*** TASK DATA ***

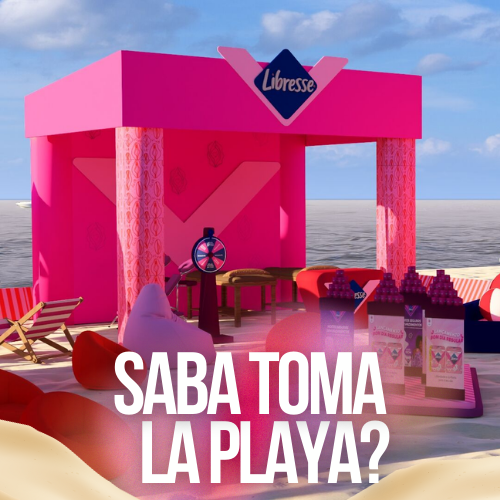 Libresse (Saba) conecta con el público en Ipanema con experiencias de bienestar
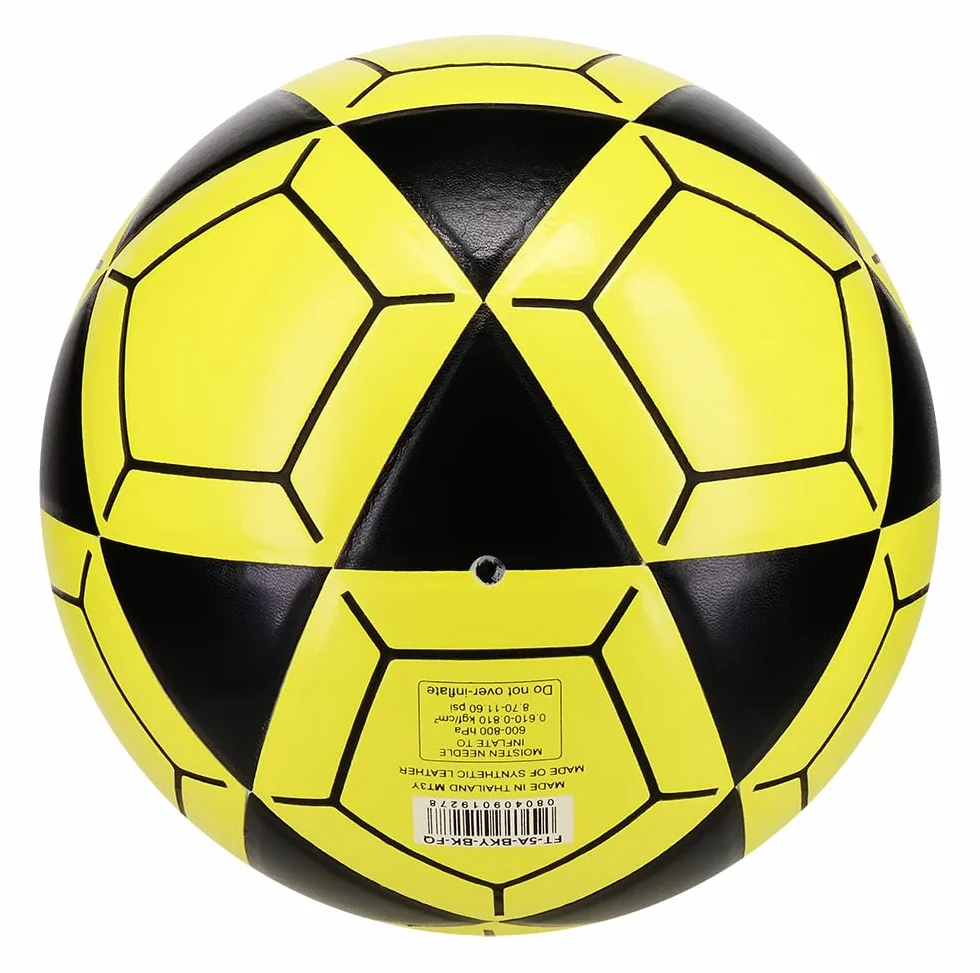 Mikasa FT5 Goal Master Ballon de Football Taille 5 Noir/Jaune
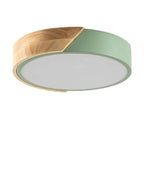 Jan LED-Deckenleuchte – Holz und Eisen, CCT Einstellbar, Ø23–40 cm, 220–240V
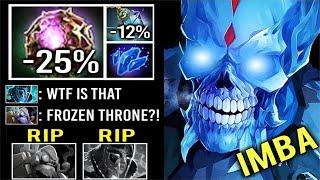 EPIC FROZEN THRONE BUILD Octarine + Shard Lich Spell Prism Delete PA Tinker Supp To Carry Dota 2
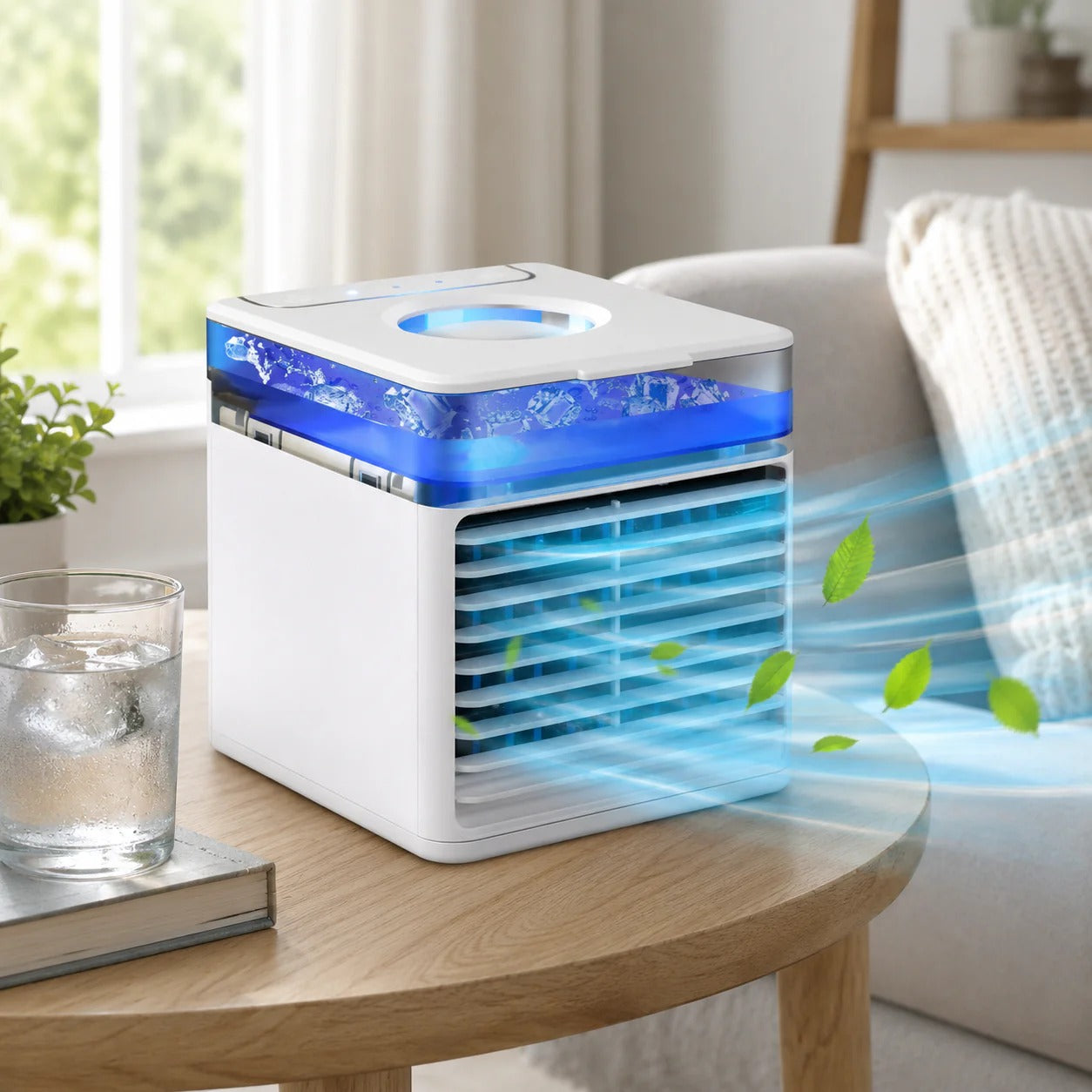 Portable Evaporative Air Cooler & Humidifying Fan for Any Room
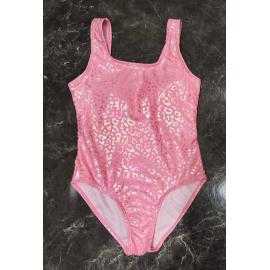 maillot bain fille 1 piece brillant imprime leopard mode enfant grossiste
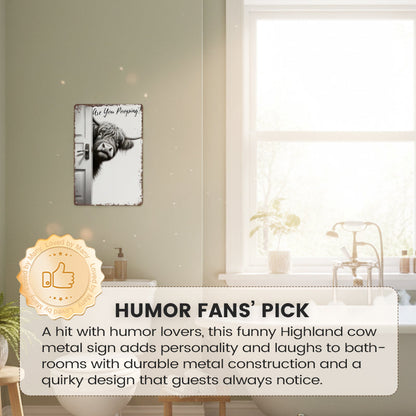 ChuckleBarn™ Smile Sign — Turn Your Bathroom Into a Hilarious Showstopper That Everyone Remembers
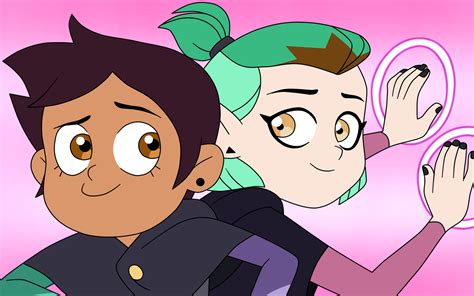 Luz And Amity Join The Spell Fighting Teamwork By Deaf Machbot On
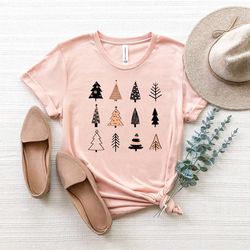 boho christmas trees sweatshirt, christmas shirts for women, cute xmas gift, holiday tee, christmas shirts for women, me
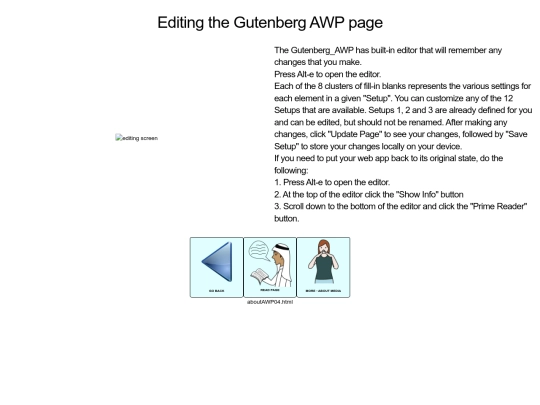 gutenberg/aboutAWP04 screenshot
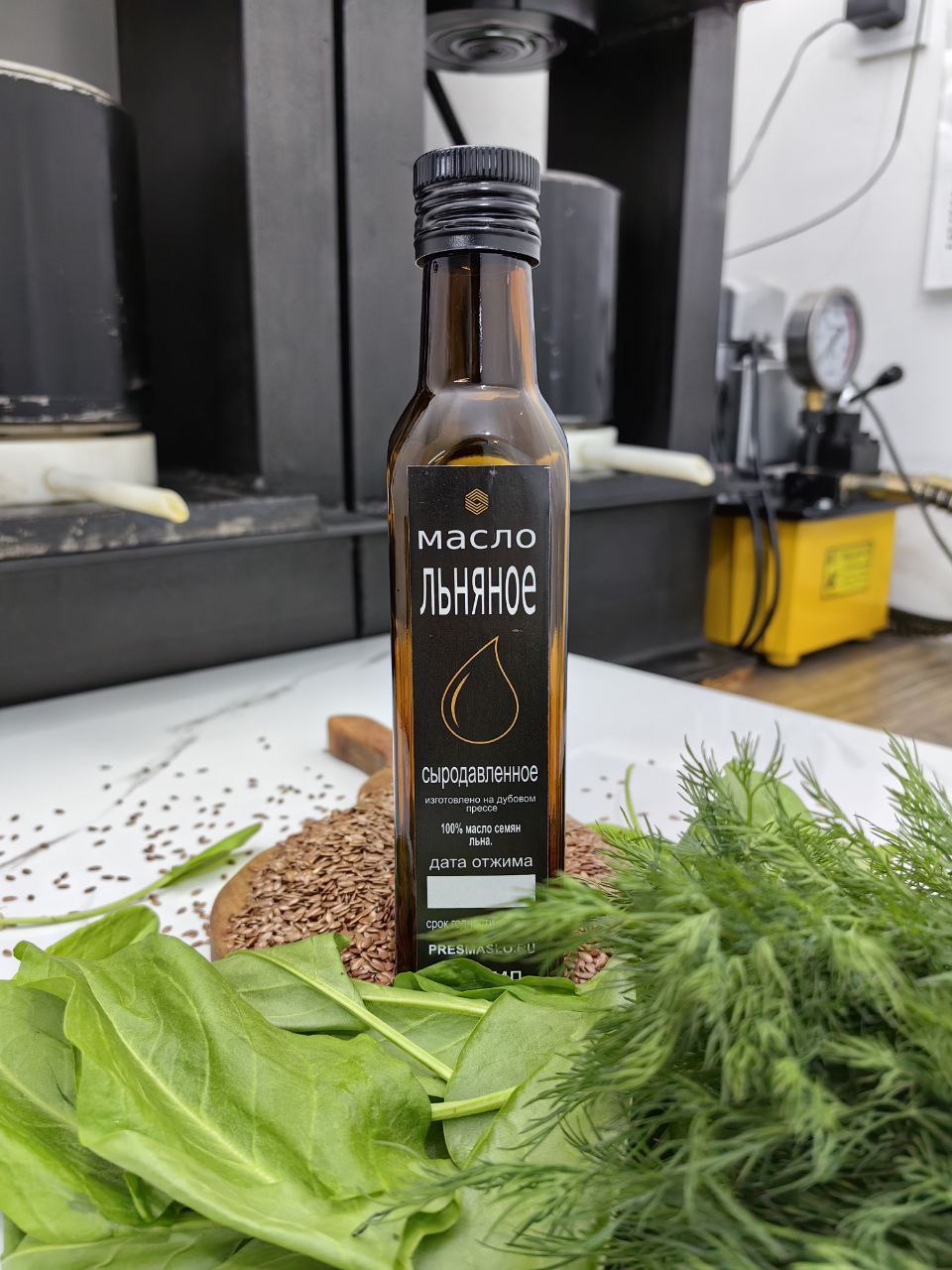 Льняное масло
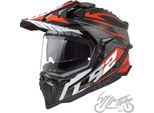 LS2 Casco Enduro "MX701 Explorer Spire"" 3 Nero / Grigio / Rosso, Taglia 57 / 58 = M"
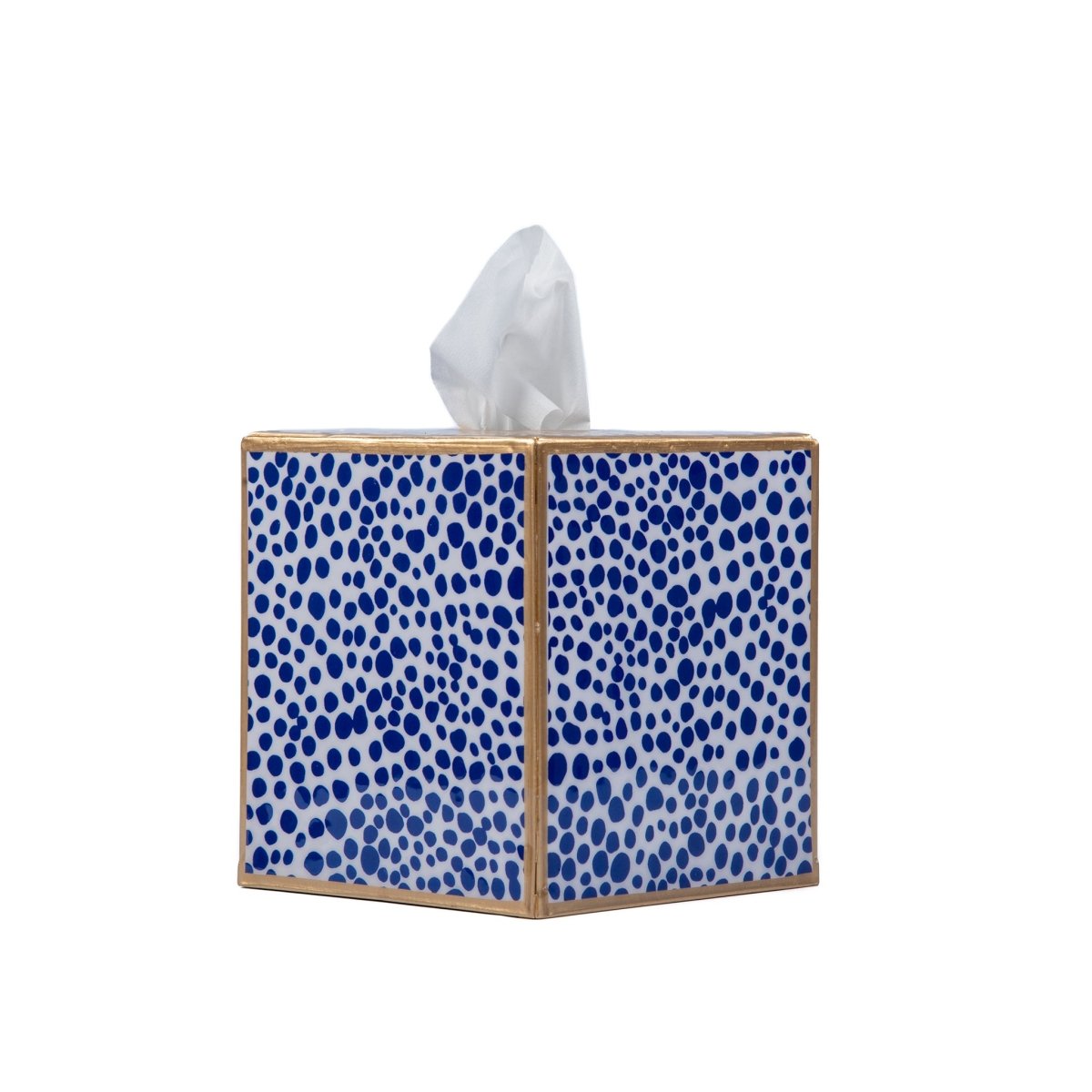 Shagreen Enameled Tissue Box Cover - Blue & White - Avail 02/22 - Tissue Box Cover from Jaye's Studio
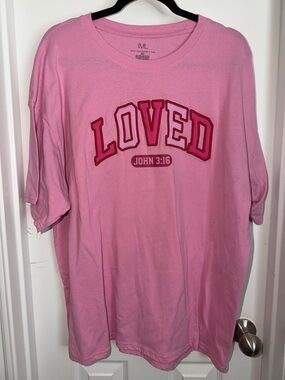LOVED John 3:16 Pink Graphic Tee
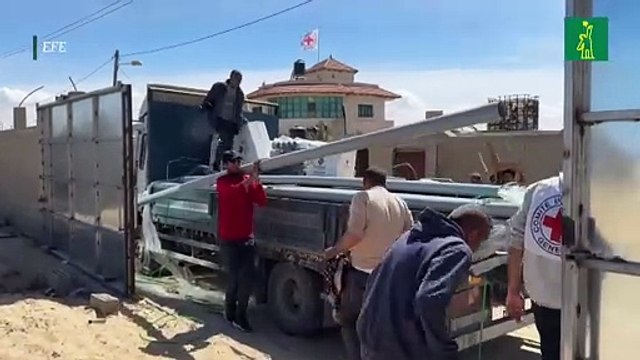 Abre un nuevo hospital de campaña en Rafah gracias al Comité Internacional de la Cruz Roja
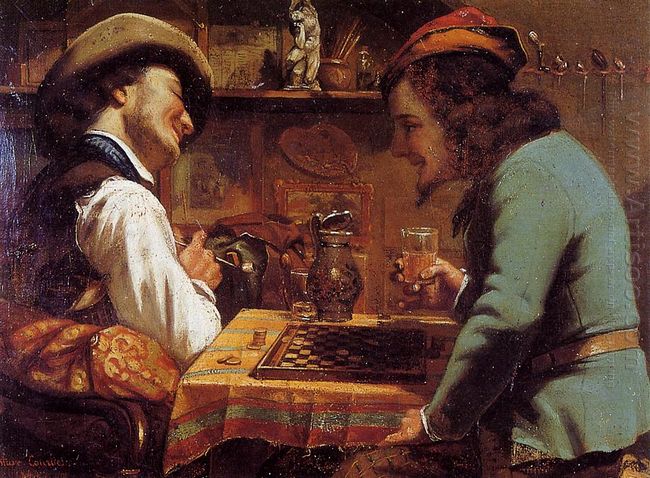 The Draughts Players 1844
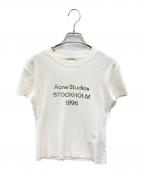 Acne studiosアクネ ストゥディオズ）の古着「スプレーロゴ ショート ロゴTシャツ」｜ホワイト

*** End of TASK DATA ***

▶ ACTION ITEM
Copy the final portion of the records: every line from the one containing "The Draughts Players 1844" through the last, word for word, without pictures.

▶ ANSWER TO THIS TASK
 The Draughts Players 1844
 Acne studiosアクネ ストゥディオズ）の古着「スプレーロゴ ショート ロゴTシャツ」｜ホワイト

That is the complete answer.